- Task goal
Repeat word for word the lines from the one containing "Motomaster Adapter Ø260mm" to the end of the material below, and leave all pictures out.
☆ ☆ ☆ ☆ ☆
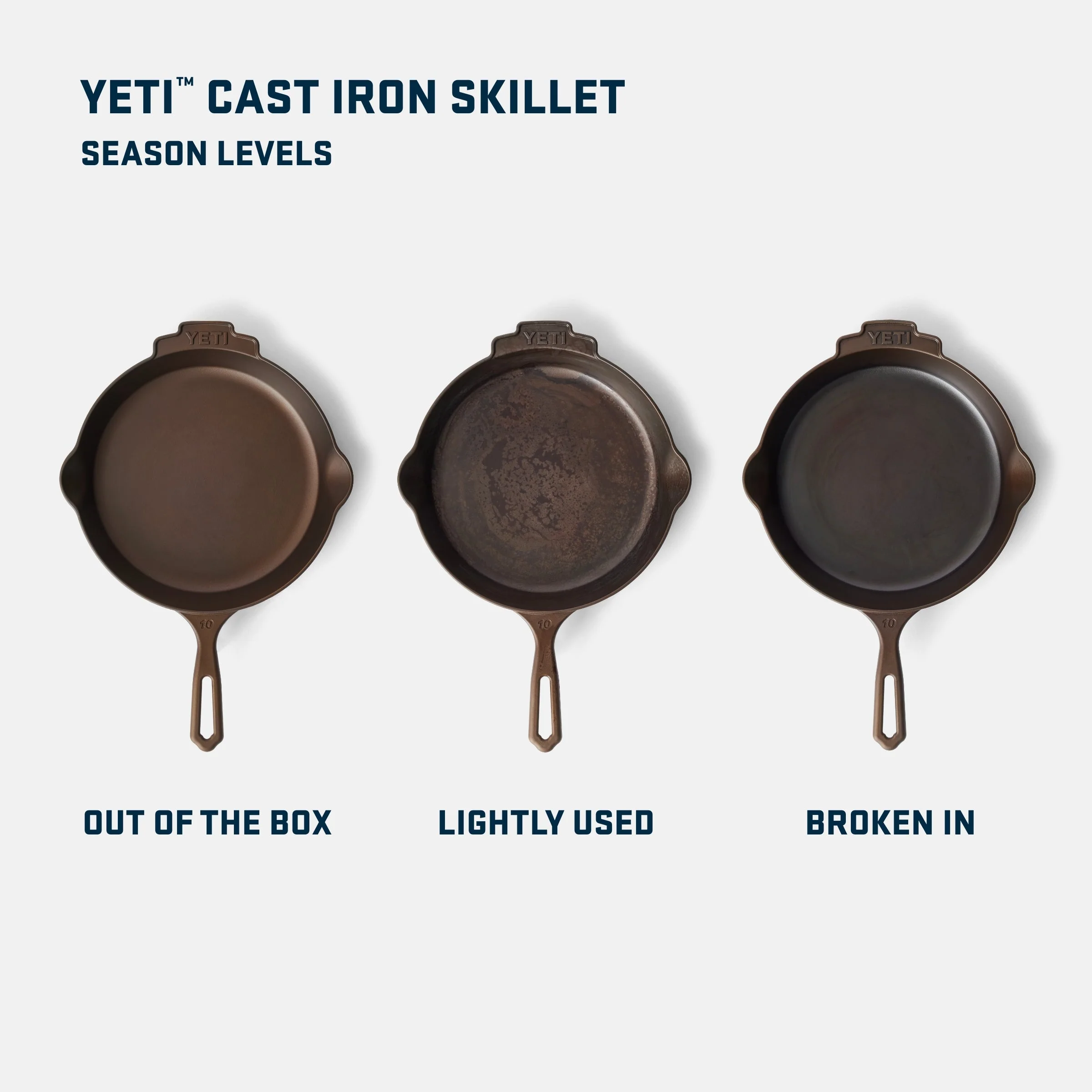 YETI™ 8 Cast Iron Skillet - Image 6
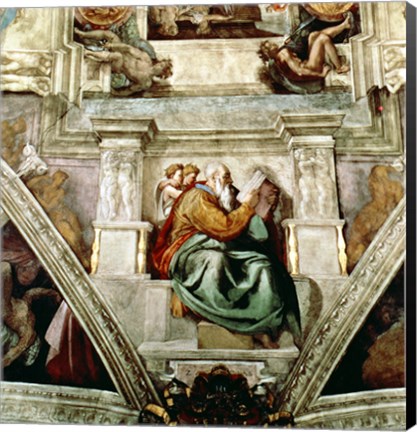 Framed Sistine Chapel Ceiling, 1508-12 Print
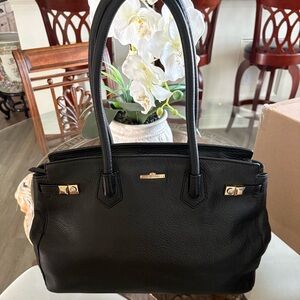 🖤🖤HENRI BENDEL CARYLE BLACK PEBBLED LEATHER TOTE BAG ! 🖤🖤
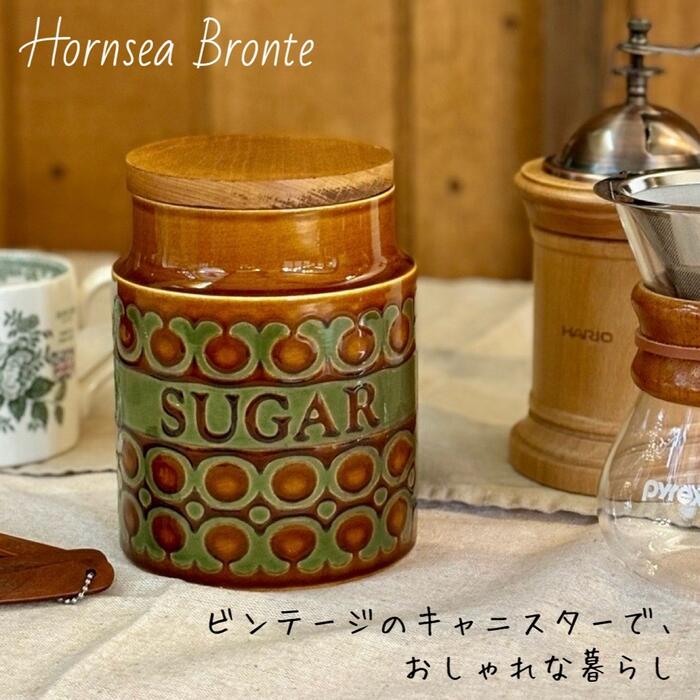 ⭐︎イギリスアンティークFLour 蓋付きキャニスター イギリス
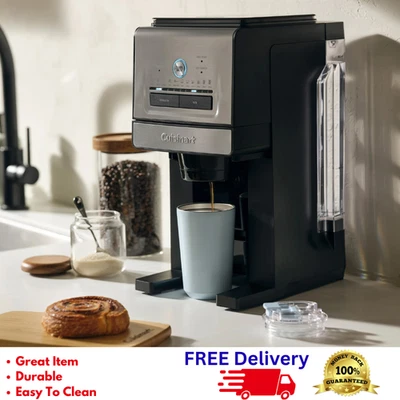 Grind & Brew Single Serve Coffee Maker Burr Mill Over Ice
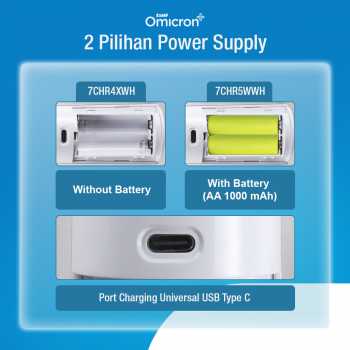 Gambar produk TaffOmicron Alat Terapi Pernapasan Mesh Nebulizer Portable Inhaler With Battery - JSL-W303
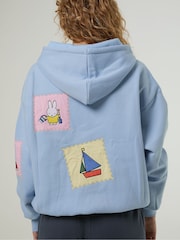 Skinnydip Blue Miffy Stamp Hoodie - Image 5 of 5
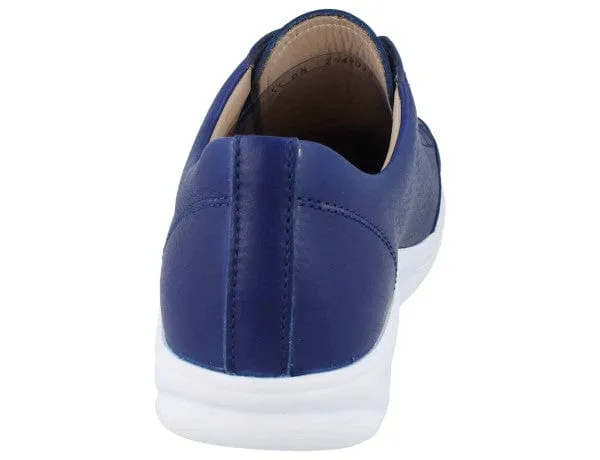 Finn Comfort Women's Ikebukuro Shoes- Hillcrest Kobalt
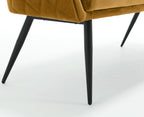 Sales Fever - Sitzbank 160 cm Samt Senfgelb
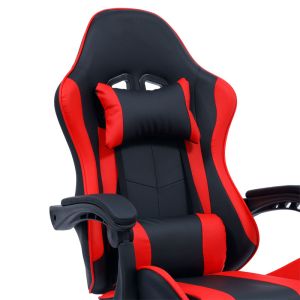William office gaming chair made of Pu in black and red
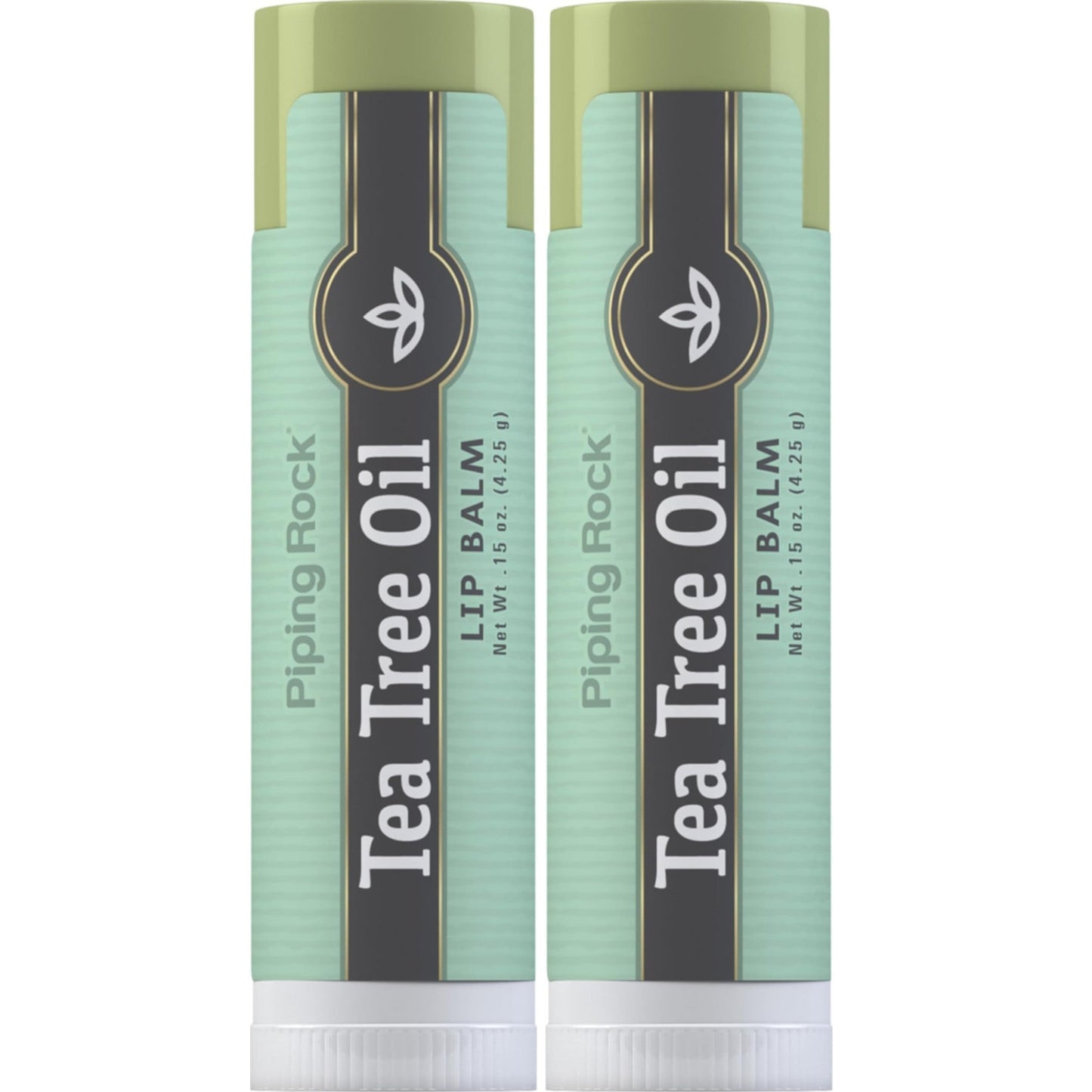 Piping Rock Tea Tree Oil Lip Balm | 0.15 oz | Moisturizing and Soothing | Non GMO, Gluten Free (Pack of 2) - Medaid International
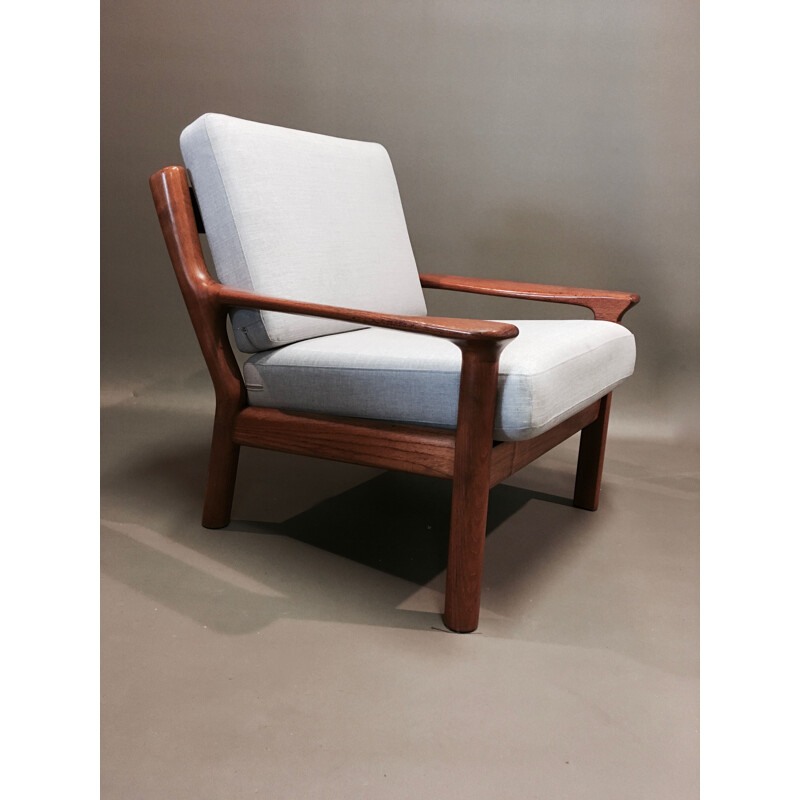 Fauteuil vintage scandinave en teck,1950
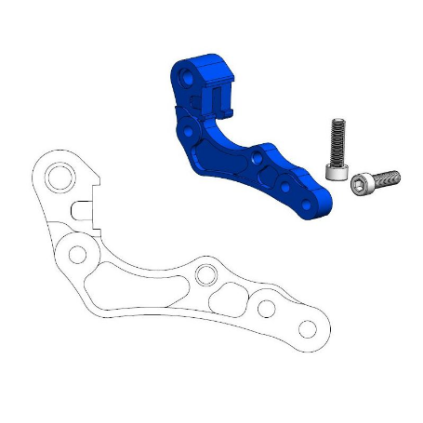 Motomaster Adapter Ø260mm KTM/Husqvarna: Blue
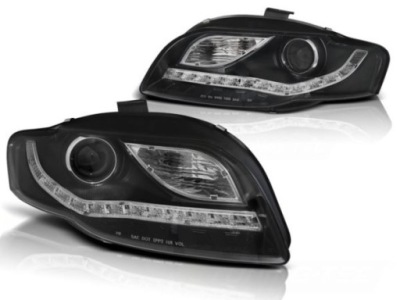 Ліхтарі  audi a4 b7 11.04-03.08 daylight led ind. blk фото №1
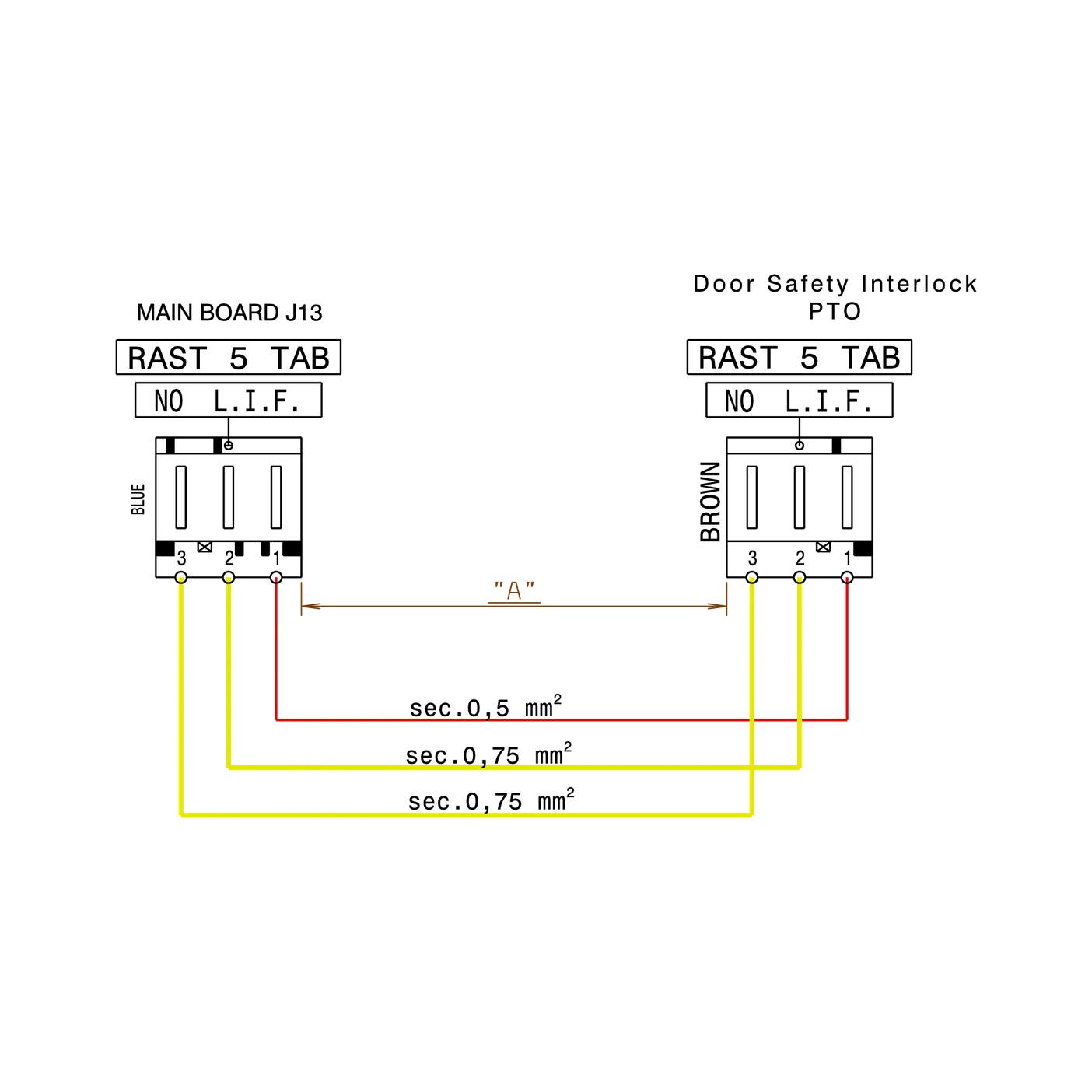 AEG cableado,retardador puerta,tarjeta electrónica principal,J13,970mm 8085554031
☆ ☆ ☆ ☆ ☆
- Response to this task
 Motomaster Adapter Ø260mm KTM/Husqvarna: Blue
 Ліхтарі  audi a4 b7 11.04-03.08 daylight led ind. blk фото №1
 AEG cableado,retardador puerta,tarjeta electrónica principal,J13,970mm 8085554031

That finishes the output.